Stellar Velocity Dispersion of a Massive Quenching Galaxy at z=4.01

TL;DR

This study measures the stellar velocity dispersion of a massive quenching galaxy at z=4.01, revealing that its core mass properties are similar to present-day galaxies, supporting a two-phase formation model.

Contribution

First measurement of stellar velocity dispersion in a quenching galaxy at z=4.01, providing insights into galaxy evolution over 12 billion years.

Findings

Velocity dispersion is consistent with local massive galaxies.

Galaxy's dynamical mass aligns with stellar mass estimates.

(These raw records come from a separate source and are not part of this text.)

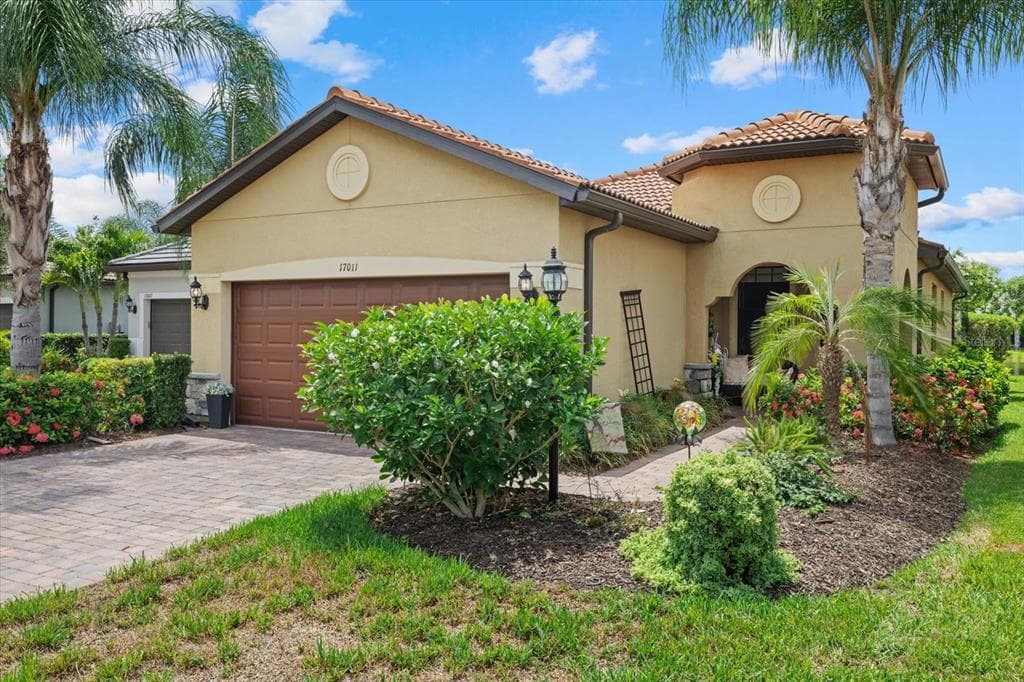 17011 HAMPTON FALLS TERRACE, LAKEWOOD RANCH, FL 34202 — zdjęcie 3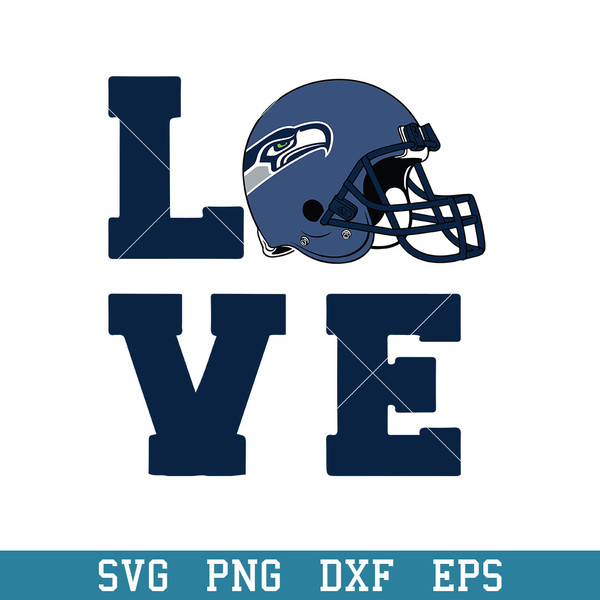 Love Seattle Seahawks Team Svg, Seattle Seahawks Svg, NFL Svg, Png Dxf Eps Digital File.jpeg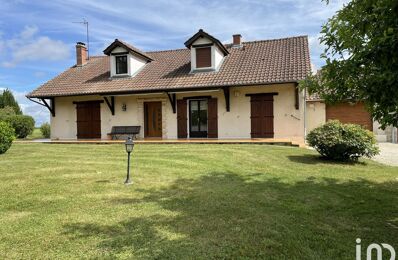 vente maison 229 000 € à proximité de Loisy-sur-Marne (51300)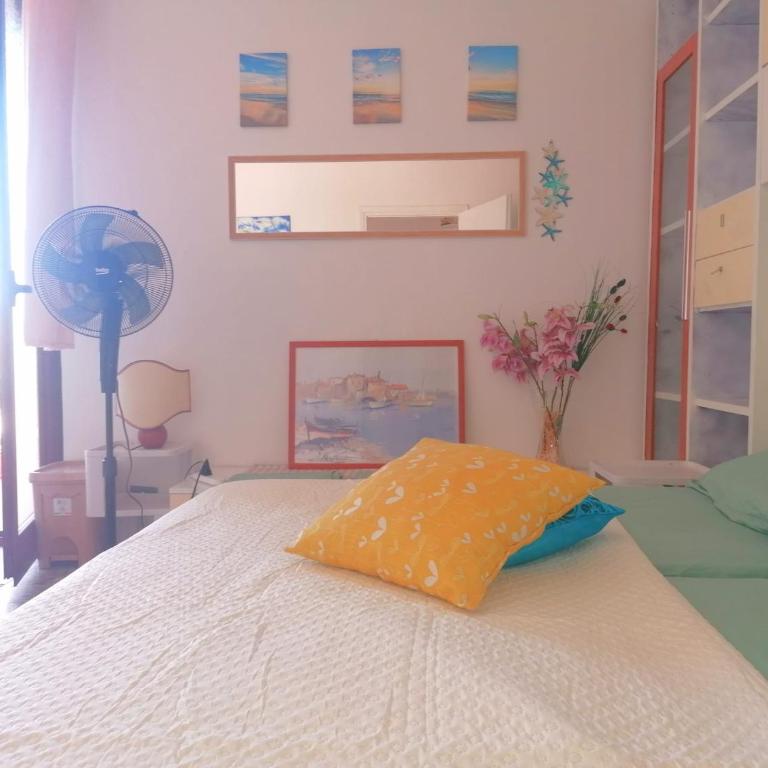 B&B Vacanze Alassio - Camera Familiare con Terrazza - 2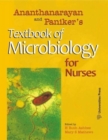 Image for Ananthanarayan &amp; Paniker&#39;s Textbook of Microbiology for Nurses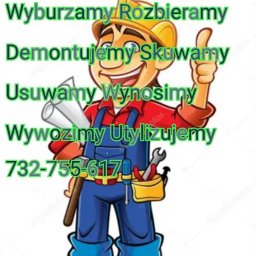 Domin-Trans - Przeprowadzki Biur Wrocław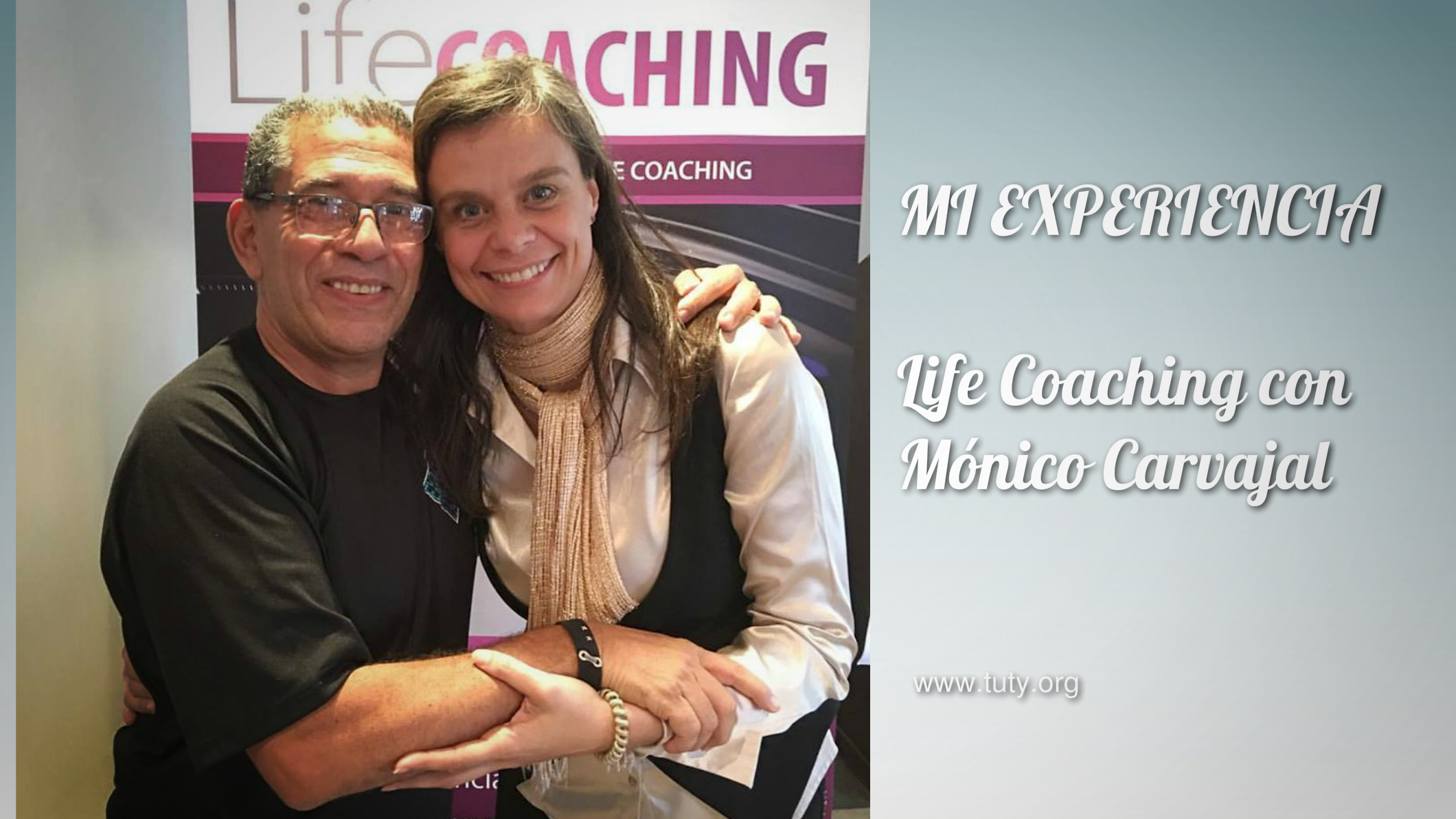 life coaching con monico carvajal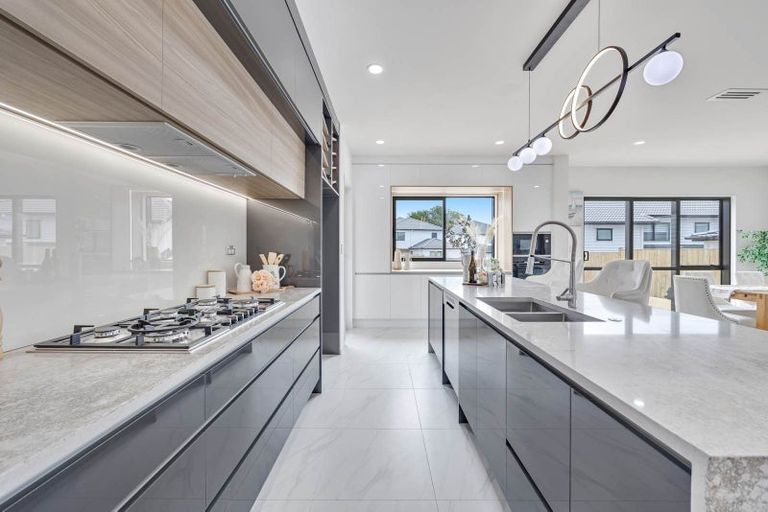 Photo of property in 23 Crossgar Road, Flat Bush, Auckland, 2019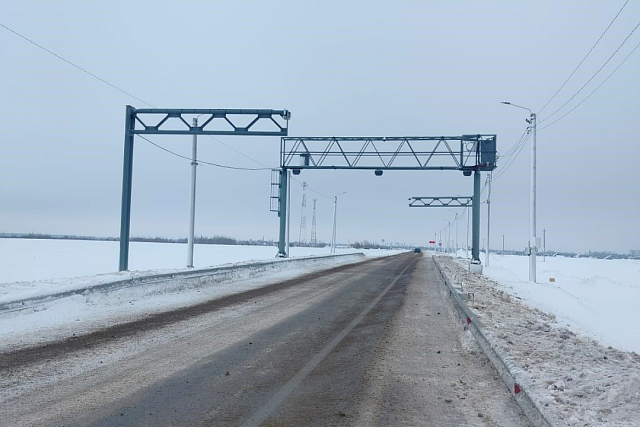 ГБУ «Безопасный регион» провёло метрологическую поверку и калибровку средств измерений на АПВГК автомобильной дороги «с. Поим — р. п. Башмаково — р. п. Земетчино» ГБУ «Безопасный регион» провёло метрологическую поверку и калибровку средств измерений на АПВГК автомобильной дороги «с. Поим — р. п. Башмаково — р. п. Земетчино»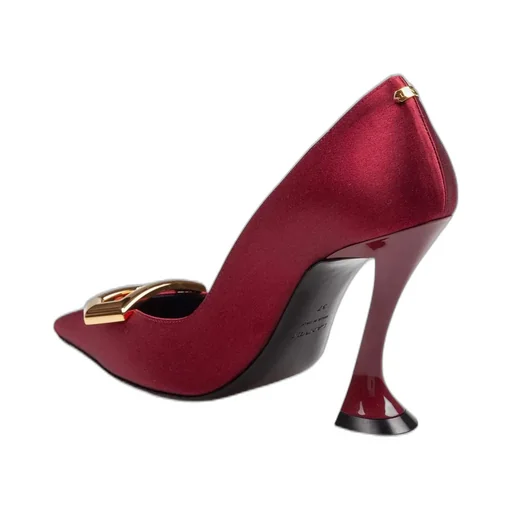 Pointed Toe Pumps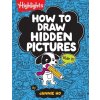 How to Draw Hidden Pictures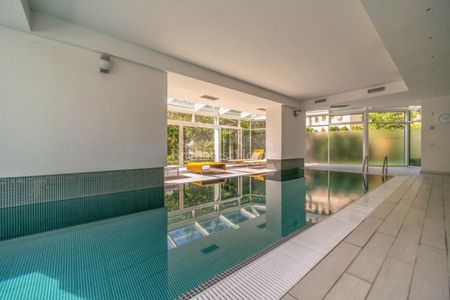 Sycamore Tree View Impeccable Three Bedrooms - Dorobanti - Fotografie 3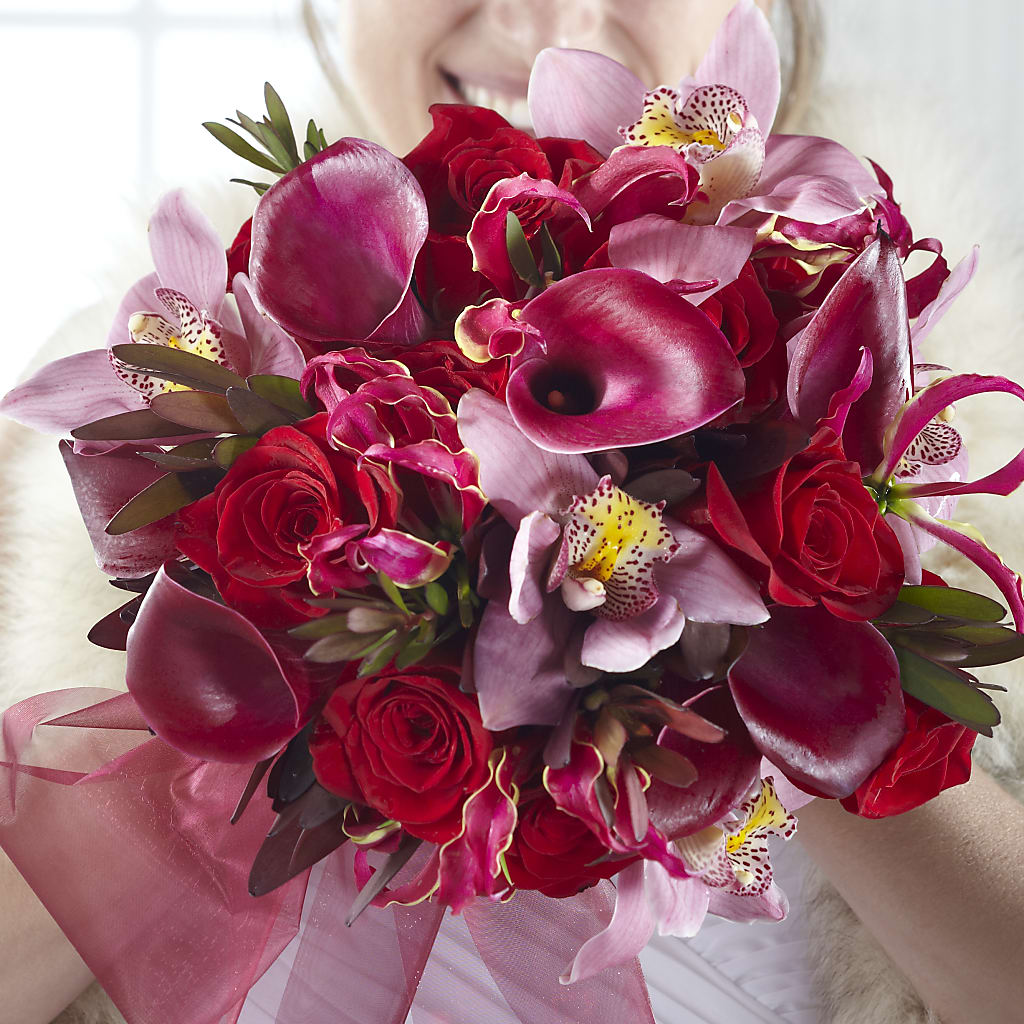 Heart of Hearts Bouquet – Katarina Floral, Hackettstown NJ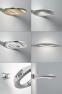 Светильник Enck Ceiling-/Wall light Fabbian, R7s 118mm 1x160W Eco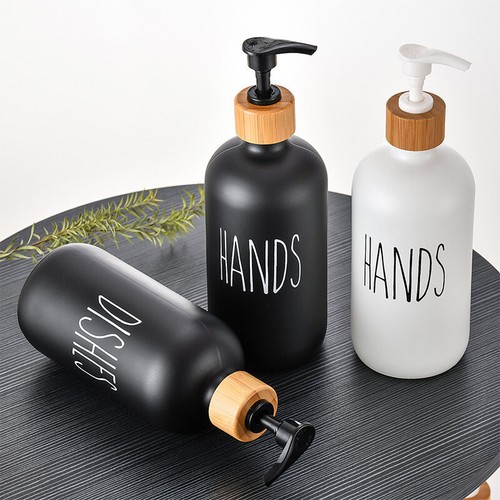 Dispenser liquido 500ml - liquido,
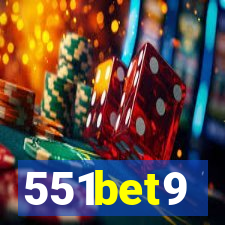 551bet9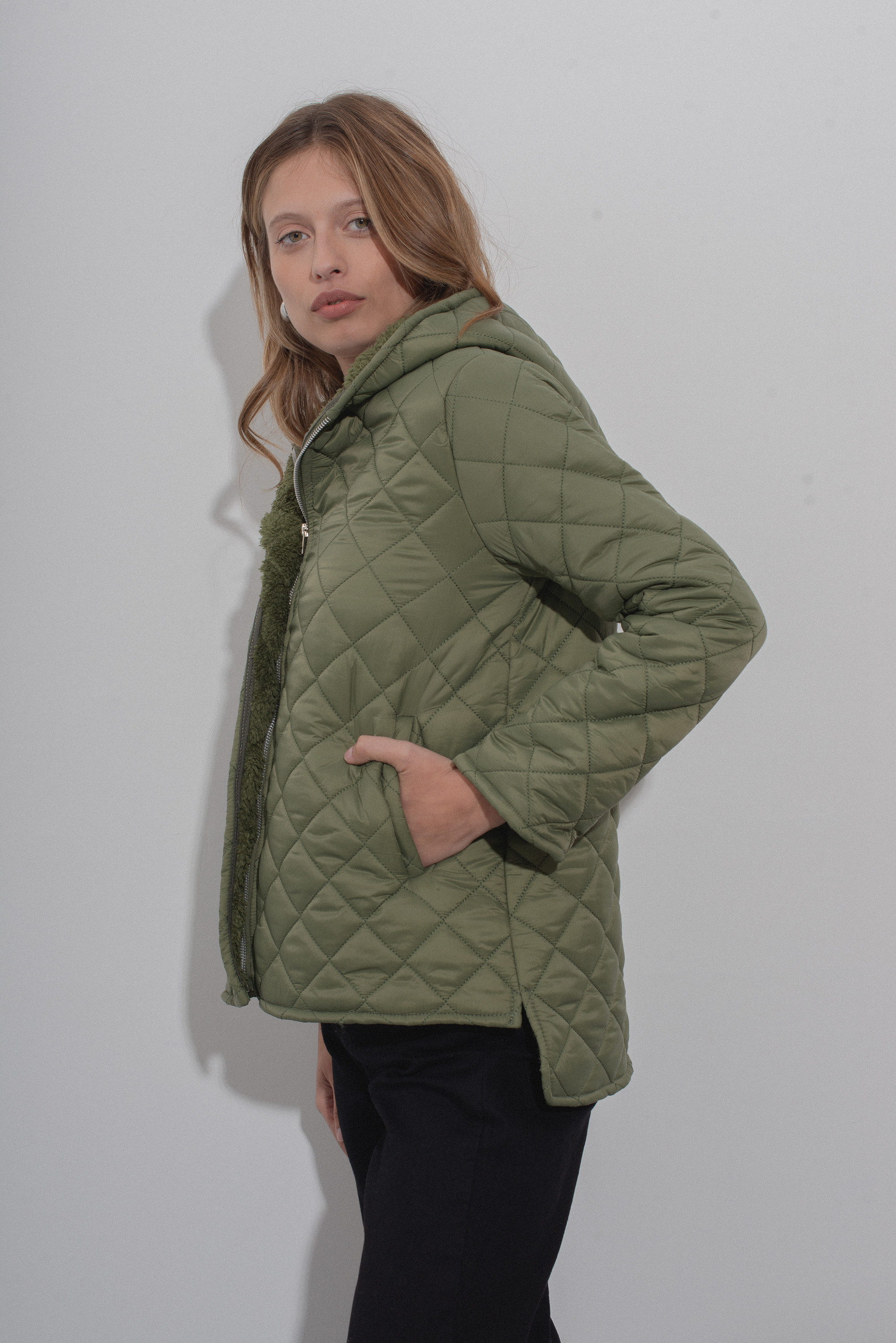Campera Allegra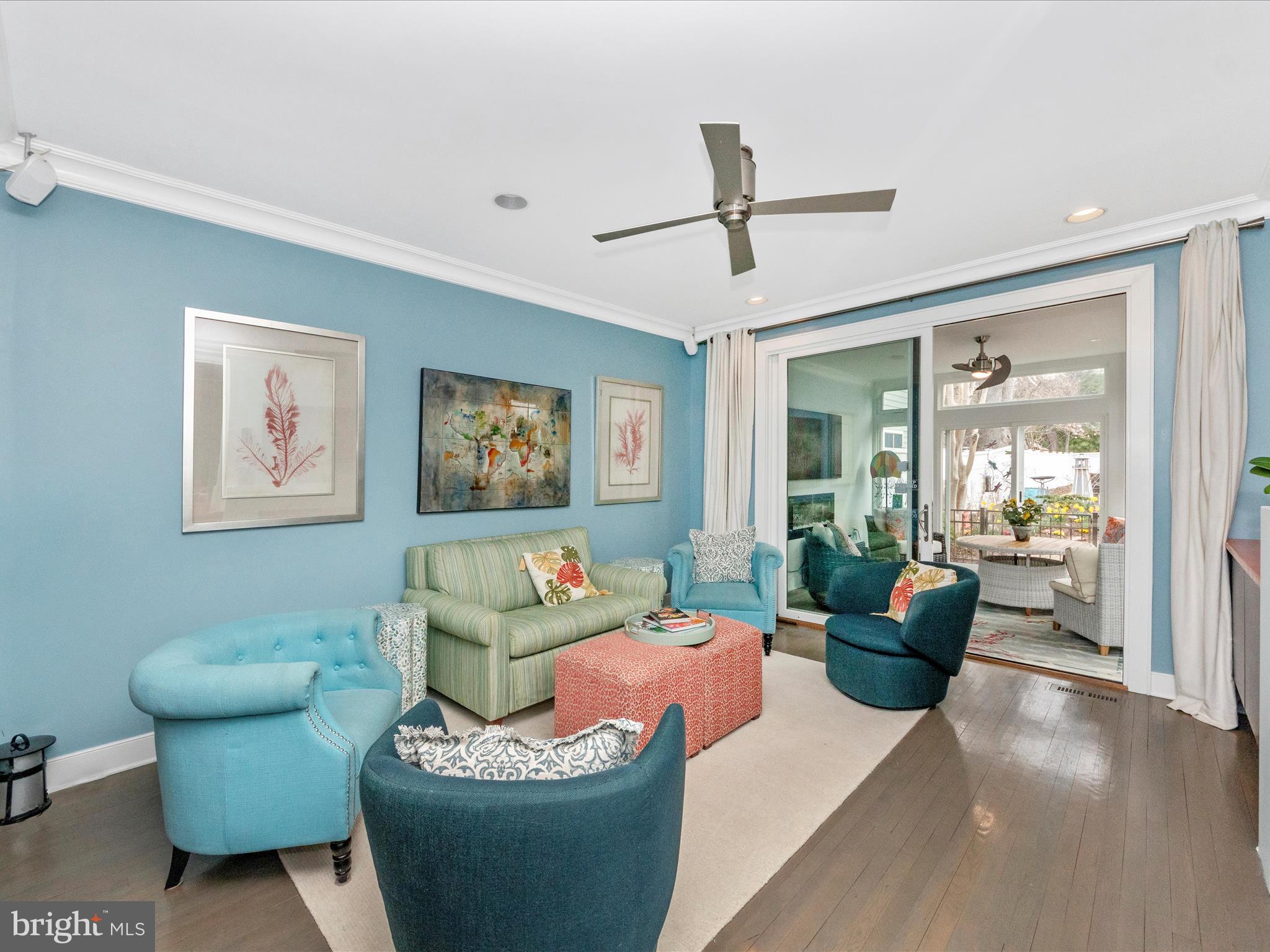EASTPORT - Residential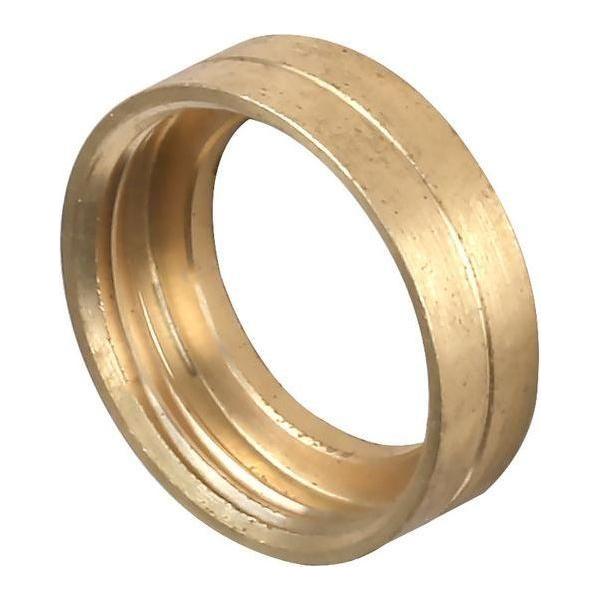 Brass Bush 50mm - Female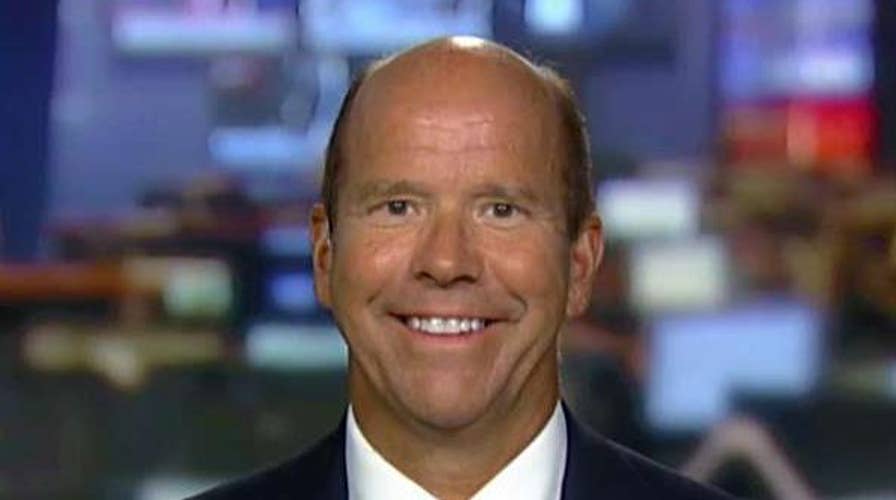 Delaney: Trump has said things that have supported white supremacy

Velocity dispersion shows little evolution with redshift.

Abstract

We present the first stellar velocity dispersion measurement of a massive quenching galaxy at z=4.01. The galaxy is first identified as a massive z>~4 galaxy with suppressed star formation from photometric redshifts based on deep multi-band data in the UKIDSS Ultra Deep Survey field. A follow-up spectroscopic observation with MOSFIRE on Keck revealed strong multiple absorption features, which are identified as Balmer absorption lines, giving a secure redshift of z=4.01. Thanks to the high S/N of the spectrum, we are able to estimate the stellar velocity dispersion, sigma=268+/-59 km/s. This velocity dispersion is consistent with that of massive galaxies today, implying no significant evolution in stellar velocity dispersion over the last 12 Gyr. Based on an upper limit on its physical size from deep optical images (r_eff<1.3 kpc), we find that its dynamical mass is consistent with the stellar mass inferred from photometry. Furthermore, the galaxy is located on the mass fundamental plane extrapolated from lower redshift galaxies. Combining all these results, we find that the velocity dispersion does not significantly evolve with redshift, although the size and mass of massive quenched galaxies do. This suggests that the mass in the core of massive galaxies does not evolve significantly, while most of the mass growth occurs in the outskirts of the galaxies, which also increases the size. This picture is consistent with a two-phase formation scenario in which mass and size growth is due to accretion in the outskirts of galaxies via mergers.